The Citadel of Quebec, the crown of this beautiful antique city, is an immense and powerful fortress, covering forty acres of ground, much higher than the Upper Town, and 345 feet above the St. Lawrence river. It is founded on the dark slaty rocks of Cape Diamond; and the limpid quartz-crystals which give name to the locality may still be picked up in the vicinity. Since the evacuation of Canada by the Imperial troops, the works have been garrisoned by a company of Canadian artillerists, whose main duty it is to conduct wondering tourists about the strong walls, in the hope of receiving republican silver. The Citadel is separated from the Upper Town by a wide sloping glacis, broken by ravelins, and cut through by a winding road from near the Dufferin Gate. Just before this stone-encased road enters the great outer moat, it passes the curious Chain Gate, and then crosses a narrow triangular space under the frowning guns of the Dalhousie Bastion, and approaches the main portal. Within are barracks, magazines, bomb-proof hospitals, armouries, and other grim paraphernalia of a fortress. Standing on the northern bastion, near the great Armstrong gun which commands the river for leagues, one of the most magnificent views in the world is outspread before the visitor, including the broad expanse of the St. Lawrence, the spires and towers of Quebec, the white walls of Beauport, Lorette, and other distant French hamlets, the garden-plains of the Isle of Orleans, the Laurentian Mountains, and the remote blue peaks of Vermont.

In the days of Froissart, it was said that "everie fayre towne hath strong high walls;" but this is the only town of America which possesses such a defence. Tourists from the United States, whose fortresses are hidden away on remote promontories and islands, and whose army is but a nomadic frontier police, ramble along these walls as if they were

slowly turning the pages of an ancient black-letter book, or a chronicle of the Crusades, and dream of the siege of Jerusalem or the Wars of the Roses. As one of their own writers (Thoreau) said:-"In the armoury of the Citadel they showed me a clumsy implement, long since useless, which they called a Lombard gun. I thought that their whole Citadel was such a Lombard gun-fit object for the museums of the curious. Silliman states that the cold is so intense in the winter nights on Cape Diamond, that the sentinels cannot stand it more than one hour. I shall never again wake up on a colder night than usual but I shall think how rapidly the sentinels are relieving one another on the walls of Quebec, their quicksilver being all frozen, as if apprehensive that some hostile Wolfe may even then be scaling the Heights of Abraham, or some persevering Arnold about to emerge from the wilderness: some Malay or Japanese, perchance, coming round by the north-west coast, have chosen that moment to assault the Citadel. Why, I should as soon expect to see the sentinels still relieving one another on the walls of Nineveh, which have so long been buried to the world. What a troublesome thing a wall is! I thought it was to defend me, and not I it. Of course, if they had no walls, they would not need to have any sentinels."

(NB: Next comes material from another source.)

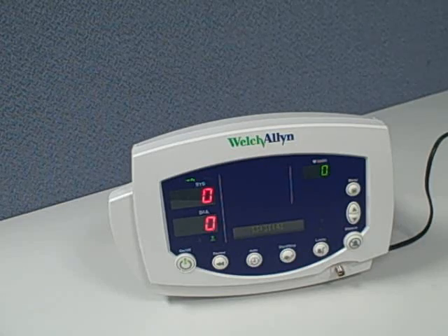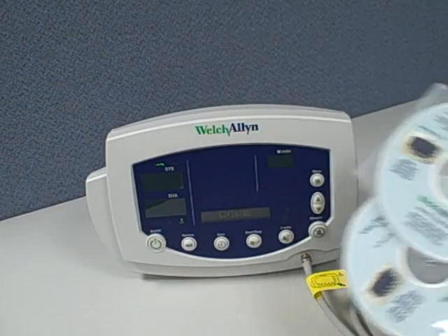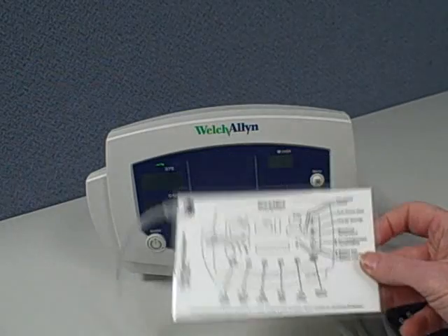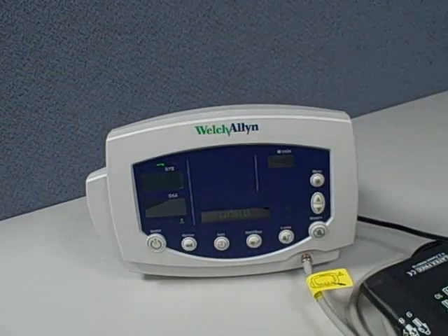An internal rechargeable battery is standard. Also included in the package are directions for use in 10 languages, and a convenient hang tag that can stay with the monitor that points out all the important buttons and readings that you need on short notice.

The requirements of modern warfare have rendered the local fortifications of little avail as a means of covering the city from destruction; and the real defences are the three great detached forts on the distant heights of Point Levi, armed with British artillery of heavy calibre. Surveys and plans have been made for another group of forts near Sillery, to protect the western approaches, as the Point Levi works command those on the south. With these lines fairly garrisoned, and a brace of ironclads from the Channel Fleet in the harbour, Quebec would be as impregnable as she was in 1775.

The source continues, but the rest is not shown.